Most lithium batteries currently last about 6 years. Also 9-volt Lithium batteries are less likely to be “removed” by tenants. There are fewer uses for this battery outside of smoke alarms. Longer lasting batteries are expected to enter the market later this year – updates will be announced as they become available. Many detectors have a pin near the battery case. This can help deny or delay a tenant access to the battery.
So what are the specific differences in smoke detectors?
Ionization Smoke Detectors: typically these are disabled at least 20% of the time due to nuisance (false) alarms. Ionization-type smoke alarms have a small amount of radioactive material between two electrically charged plates. This ionizes the air and causes current to flow between the plates. When smoke enters the chamber, it disrupts the flow of ions. Thus it reduces the flow of current and activating the alarm. Ionization detectors will often have an atomic symbol on them for their (exceptionally small) radioactive ingredient. Photo-electrics will typically have “P” in a square stamped on the case. 90%+ of all detectors currently being used are ionization.
Photoelectric smoke alarms
Generally more responsive to fires that begin with a long period of smoldering (called “smoldering fires”). Photoelectric-type alarms aim a light source into a sensing chamber at an angle away from the sensor. Smoke enters the chamber, reflecting light onto the light sensor; triggering the alarm.
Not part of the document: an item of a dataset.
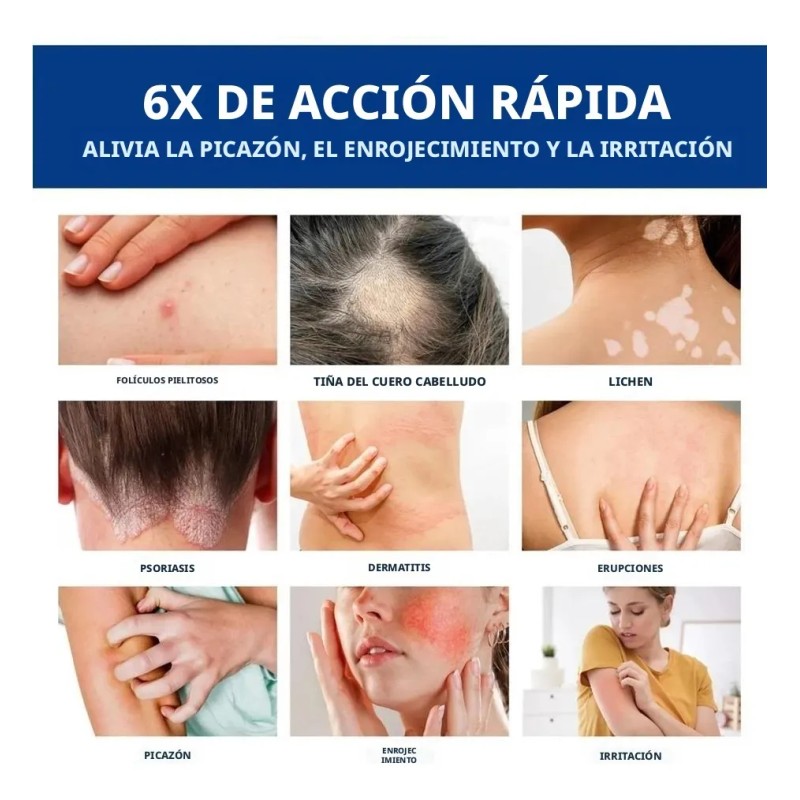 Bálsamo Reparador Calmante For El Cuidado Corporal /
Please note the use of the term “single sensor” is not without purpose. There are combo-units that include both ionization and photo-electric sensors. However, these combo units consistently react slower than single sensor units in various tests, and are not recommended. To be brief, they are more costly and less effective.
Many of the changes in the law call for photoelectric installation, for each type of smoke alarm. The advantage it provides may be critical to life safety in some fire situations. Fatal fires in a rental home include a large number of smoldering fires and a large number of flaming fires. You can’t predict the type of fire you may have in your rental home or when it will occur. Any smoke alarm technology, to be acceptable, must perform acceptably for both types of fires. It must provide early warning at all times of day or night and whether you are asleep or awake.
For best protection, ARPOLA recommends both (ionization and photoelectric) technologies be used in rental homes. We also encourage having a working and tested carbon monoxide detector and fire extinguisher in your rentals.